= Stephen Billings =

British engineer (1951–2022)

Stephen A. Billings (1951 – 18 December 2022) was Professor of Signal Processing and Complex Systems, and Director of the Signal Processing and Complex Systems Research Group, in the Dept. of Automatic Control and Systems Engineering of the University of Sheffield. He died on 18 December 2022. He was one of only seven academics of that university counted as "highly cited" by the ISI Web of Knowledge with over 500 publications to his name. Based on information from the Web of Science he is ranked as the fourth most highly cited engineer in the UK, over all categories of engineering, and is one of the world's most highly cited systems and control engineers.

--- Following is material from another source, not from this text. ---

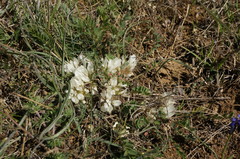 Astragalus rupifragus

Billings was born in 1951 in the UK, and studied Electrical Engineering at Liverpool University, receiving a BEng (first class honours) in 1972. He went on to gain a PhD from the University of Sheffield in 1975, joining the ACSE department the same year. He rose to Professor in 1990 and Director in 2001.

Billings was a Chartered Engineer, Chartered Mathematician and Chartered Scientist. He was elected Fellow of the Institute of Mathematics and its Applications in 1989 and of the Institute of Electrical Engineers in 1992. He was awarded the degree of DEng by Liverpool University in 1990.